4. Kepala, leher dan dadanya ditolehkan ke
kanan ketika mengucapkan, “Hayya ‘alash-shalah (2x)”. lalu ditolehkan ke kiri
ketika mengucapkan “Hayya ‘alal falah (2x)”
Abu Juhaifah ra. berkata, “Bilal mengumandangkan azan dan
aku menirukan mulutnya ke sana dan kemari, ke kanan dank e kiri, ‘Hayya
alash-shalah, hayya ‘alal-falah.’” (H.R. Ahmad, Bukhari, dan Muslim).
5. Memasukkan dua jari ke dalam lubang telinga
Sunah yang ini seperti yang dilakukan oleh Bilal saat azan. Bilal
mengatakan, “Aku masukkan satu jariku ke
dalam telinga, lalu aku azan.” (H.R. Abu Dawud dan Ibnu Hibban).
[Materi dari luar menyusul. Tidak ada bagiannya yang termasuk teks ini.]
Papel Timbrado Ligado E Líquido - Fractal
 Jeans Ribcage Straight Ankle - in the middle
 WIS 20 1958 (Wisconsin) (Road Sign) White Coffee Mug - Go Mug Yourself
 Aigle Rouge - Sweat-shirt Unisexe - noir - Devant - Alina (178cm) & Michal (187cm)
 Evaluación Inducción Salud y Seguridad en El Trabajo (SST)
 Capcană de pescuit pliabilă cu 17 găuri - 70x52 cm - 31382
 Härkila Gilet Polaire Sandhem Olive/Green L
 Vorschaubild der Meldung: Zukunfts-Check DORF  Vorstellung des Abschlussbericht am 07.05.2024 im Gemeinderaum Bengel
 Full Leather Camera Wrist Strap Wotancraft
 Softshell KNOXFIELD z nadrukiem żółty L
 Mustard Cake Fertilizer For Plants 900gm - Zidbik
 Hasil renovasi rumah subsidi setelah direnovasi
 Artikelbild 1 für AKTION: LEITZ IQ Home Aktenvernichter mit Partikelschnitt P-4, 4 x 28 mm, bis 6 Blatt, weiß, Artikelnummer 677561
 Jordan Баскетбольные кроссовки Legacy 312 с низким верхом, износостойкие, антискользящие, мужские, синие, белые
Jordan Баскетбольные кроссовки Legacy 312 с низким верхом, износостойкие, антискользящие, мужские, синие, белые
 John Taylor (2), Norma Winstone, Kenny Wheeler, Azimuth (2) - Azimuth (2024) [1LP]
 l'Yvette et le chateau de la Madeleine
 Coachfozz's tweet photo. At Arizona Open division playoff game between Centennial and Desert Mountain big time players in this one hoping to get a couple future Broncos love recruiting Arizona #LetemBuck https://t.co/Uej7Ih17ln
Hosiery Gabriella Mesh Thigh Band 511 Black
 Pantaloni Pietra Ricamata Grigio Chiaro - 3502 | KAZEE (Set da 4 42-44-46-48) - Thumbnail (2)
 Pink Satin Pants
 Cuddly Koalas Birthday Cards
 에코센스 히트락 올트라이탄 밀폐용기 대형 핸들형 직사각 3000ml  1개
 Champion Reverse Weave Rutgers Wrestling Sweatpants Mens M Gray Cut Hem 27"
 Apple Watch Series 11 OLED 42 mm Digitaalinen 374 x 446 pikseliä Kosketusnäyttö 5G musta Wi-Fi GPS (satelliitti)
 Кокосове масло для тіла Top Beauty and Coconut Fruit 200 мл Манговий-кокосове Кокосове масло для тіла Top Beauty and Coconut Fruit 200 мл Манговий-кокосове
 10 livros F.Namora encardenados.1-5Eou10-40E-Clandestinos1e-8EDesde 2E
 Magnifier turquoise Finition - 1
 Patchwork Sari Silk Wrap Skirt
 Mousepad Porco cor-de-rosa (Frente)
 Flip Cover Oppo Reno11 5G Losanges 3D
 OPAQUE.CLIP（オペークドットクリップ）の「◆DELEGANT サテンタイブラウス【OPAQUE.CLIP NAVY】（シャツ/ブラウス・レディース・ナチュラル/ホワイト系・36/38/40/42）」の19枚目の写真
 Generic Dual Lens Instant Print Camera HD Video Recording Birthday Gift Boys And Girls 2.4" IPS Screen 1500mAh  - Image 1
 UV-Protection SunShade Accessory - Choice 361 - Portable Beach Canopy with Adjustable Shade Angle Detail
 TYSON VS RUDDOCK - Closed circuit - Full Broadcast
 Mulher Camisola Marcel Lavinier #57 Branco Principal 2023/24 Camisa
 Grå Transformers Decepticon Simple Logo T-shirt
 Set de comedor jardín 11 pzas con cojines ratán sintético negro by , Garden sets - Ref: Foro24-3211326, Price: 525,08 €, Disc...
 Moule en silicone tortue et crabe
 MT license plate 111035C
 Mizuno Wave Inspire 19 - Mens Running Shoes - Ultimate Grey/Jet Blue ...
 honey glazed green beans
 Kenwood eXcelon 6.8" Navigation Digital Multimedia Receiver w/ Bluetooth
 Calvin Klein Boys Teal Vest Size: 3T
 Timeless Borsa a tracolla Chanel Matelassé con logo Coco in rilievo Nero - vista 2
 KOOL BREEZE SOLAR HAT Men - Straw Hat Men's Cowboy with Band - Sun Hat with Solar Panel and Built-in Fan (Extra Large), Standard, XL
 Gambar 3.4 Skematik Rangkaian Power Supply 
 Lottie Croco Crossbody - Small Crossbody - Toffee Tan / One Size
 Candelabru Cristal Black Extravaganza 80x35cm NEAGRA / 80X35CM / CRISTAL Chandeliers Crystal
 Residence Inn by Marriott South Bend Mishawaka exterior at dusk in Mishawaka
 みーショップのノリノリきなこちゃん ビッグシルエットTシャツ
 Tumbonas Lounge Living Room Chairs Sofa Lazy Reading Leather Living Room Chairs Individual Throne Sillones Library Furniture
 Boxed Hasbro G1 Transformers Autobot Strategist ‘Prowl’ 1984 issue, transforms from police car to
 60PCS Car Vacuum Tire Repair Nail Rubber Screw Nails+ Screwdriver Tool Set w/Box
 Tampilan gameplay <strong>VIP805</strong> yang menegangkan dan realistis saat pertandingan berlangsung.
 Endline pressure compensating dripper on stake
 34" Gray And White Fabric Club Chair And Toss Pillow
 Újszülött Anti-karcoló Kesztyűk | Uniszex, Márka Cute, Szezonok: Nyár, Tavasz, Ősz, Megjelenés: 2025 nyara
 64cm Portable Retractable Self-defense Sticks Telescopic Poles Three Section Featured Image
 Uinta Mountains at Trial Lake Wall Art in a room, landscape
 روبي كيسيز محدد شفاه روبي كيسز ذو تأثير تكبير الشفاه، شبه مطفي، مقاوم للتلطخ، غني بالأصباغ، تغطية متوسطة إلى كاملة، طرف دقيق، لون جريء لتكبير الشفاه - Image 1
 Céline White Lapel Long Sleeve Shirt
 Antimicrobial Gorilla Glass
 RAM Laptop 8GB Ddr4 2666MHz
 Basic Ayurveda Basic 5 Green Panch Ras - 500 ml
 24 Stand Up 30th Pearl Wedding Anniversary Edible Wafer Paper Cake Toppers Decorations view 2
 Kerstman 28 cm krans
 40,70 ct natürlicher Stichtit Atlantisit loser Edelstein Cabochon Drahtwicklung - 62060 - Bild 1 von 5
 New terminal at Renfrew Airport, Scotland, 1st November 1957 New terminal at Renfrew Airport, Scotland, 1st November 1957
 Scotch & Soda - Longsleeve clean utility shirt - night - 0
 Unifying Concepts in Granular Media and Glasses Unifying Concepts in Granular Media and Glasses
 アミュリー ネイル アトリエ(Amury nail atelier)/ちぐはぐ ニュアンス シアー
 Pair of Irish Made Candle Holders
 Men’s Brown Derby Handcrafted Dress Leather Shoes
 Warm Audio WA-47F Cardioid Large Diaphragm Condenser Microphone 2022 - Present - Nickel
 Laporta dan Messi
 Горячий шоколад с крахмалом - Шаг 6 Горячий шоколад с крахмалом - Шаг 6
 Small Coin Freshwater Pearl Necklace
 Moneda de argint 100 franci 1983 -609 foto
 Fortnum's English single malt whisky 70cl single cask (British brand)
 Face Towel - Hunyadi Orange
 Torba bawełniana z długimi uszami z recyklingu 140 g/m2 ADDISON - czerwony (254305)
Sementara
itu, menurut para ulama memasukkan dua jari ke masing-masing telinga adalah
sunah.
Baca Juga: Menyiapkan Dana Pendidikan Anak
6. Melantangkan suara, meskipun sendirian di
tanah terbuka
Abdullah bin
Abdurrahman bin Abu Sha’sha’ah meriwayatkan dari ayahnya bahwa Abu Said
Al-Khudri ra. berkata, “Aku melihatmu suka kambing dan daerah pedalaman. Jika kamu
sedang berada di lingkungan kambingmu atau di daerah pedalaman, maka
lantangkanlah suaramu ketika mengumandangkan azan. Sebab, siapa pun yang
mendengar suara muazin, baik dari kalangan jin, manusia, maupun benda mati, ia
akan menjadi saksi pembela bagi muazin di hari kiamat kelak.” Abu Sa’id berkata,
“Aku pernah mendengarnya dari Rasulullah Saw.” (H.R. Ahmad, Bukhari, Nasa’I,
dan Ibnu Majah).
7. Melambatkan azan dan berhenti sejenak di
setiap dua kalimat, dan mempercepat iqamat
8. Tidak berbicara saat iqamat
Soal berbicara saat azan, sebagian ulama
menganggapnya makruh. Sementara menurut Hasan, Atha’, dan Qatadah menganggapnya
sebagai rukhsah atau keringanan. Abu Dawud
mengatakan, “Aku bertanya kepada Ahmad, ‘Bagaimana
dengan berbicara di sela-sela mengumandangkan azan?” Ahmad menjawab, ‘Boleh,’
Lalu ada orang lain yang bertanya, ‘Bagaimana jika saat iqamat?” Ahmad
menjawab, “Tidak, karena disunahkan mempercepat iqamat.”